There is an old gymnasium chiefly given up to the exercises of the youths. No one may be enrolled on the register of citizens before he has been on the register of youths. Here stands a man of Pellene
called Promachus, the son of Dryon, who won prizes in the pancratium, one at Olympia
, three at the Isthmus and two at Nemea
. The Pellenians made two statues of him, dedicating one at Olympia
and one in the gymnasium; the latter is of stone, not bronze.
It is said too that when a war arose between Corinth
, Promachus killed a vast number of the enemy. It is said that he also overcame at Olympia Pulydamas of Scotusa, this being the occasion when, after his safe return home from the king of Persia
, he came for the second time to compete in the Olympic games. The Thessalians, however, refuse to admit that Pulydamas was beaten; one of the pieces of evidence they bring forward is a verse about Pulydamas:—“Scotoessa, nurse of unbeaten Pulydamas.
Be this as it may, the people of Pellene
hold Promachus in the highest honor. But Chaeron, who carried off two prizes for wrestling at the Isthmian games and four at the Olympian, they will not even mention by name. This I believe is because he overthrew the constitution of Pellene
, and received from Alexander, the son of Philip, the most invidious of all gifts, to be set up as tyrant of one's own fatherland.

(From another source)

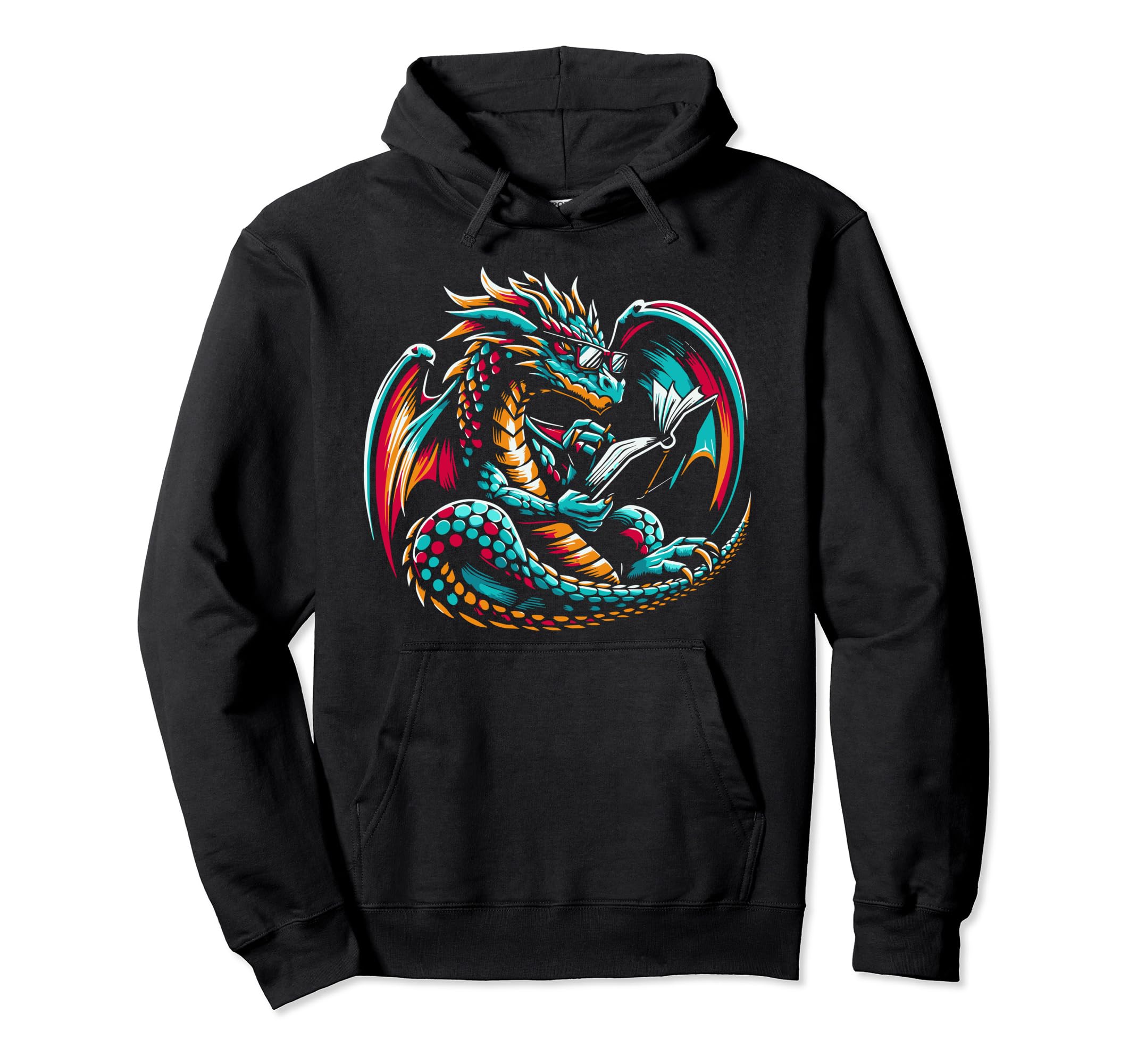 Dragon Reading Book Dragon Enthusiast Hoodie - Novelty Apparel for Adults - T-Shirt, Sweatshirt, Hoodie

has also a sanctuary of Eileithyia, which is situated in the lesser portion of the city. What is called the Poseidium in more ancient days was a township, but to-day it is uninhabited. This Poseidium is below the gymnasium, and down to the present day it has been considered sacred to Poseidon.

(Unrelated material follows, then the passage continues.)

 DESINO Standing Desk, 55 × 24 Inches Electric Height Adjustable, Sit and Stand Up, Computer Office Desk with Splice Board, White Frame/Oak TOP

About sixty stades distant from Pellene
is the Mysaeum, a sanctuary of the Mysian Demeter. It is said that it was founded by Mysius, a man of Argos, who according to Argive
tradition gave Demeter a welcome in his home. There is a grove in the Mysaeum, containing trees of every kind, and in it rises a copious supply of water from springs. Here they also celebrate a seven days' festival in honor of Demeter.
On the third day of the festival the men withdraw from the sanctuary, and the women are left to perform on that night the ritual that custom demands. Not only men are excluded, but even male dogs. On the following day the men come to the sanctuary, and the men and the women laugh and jeer at one another in turn.
At no great distance from the Mysacum is a sanctuary of Asclepius, called Cyrus, where cures of patients are effected by the god. Here too there is a copious supply of water, and at the largest of the springs stands the image of Asclepius. Rivers come down from the mountains above Pellene
, the one on the side nearest Aegeira being called Crius, after, it is said, a Titan of the same name.
There is another river called Crius, which rises in Mount Sipylus and is a tributary of the Hermus. Where the territory of Pellene
borders on that of Sicyon
is a Pellenian river Sythas, the last of the Achaean rivers, which flows into the Sicyonian sea.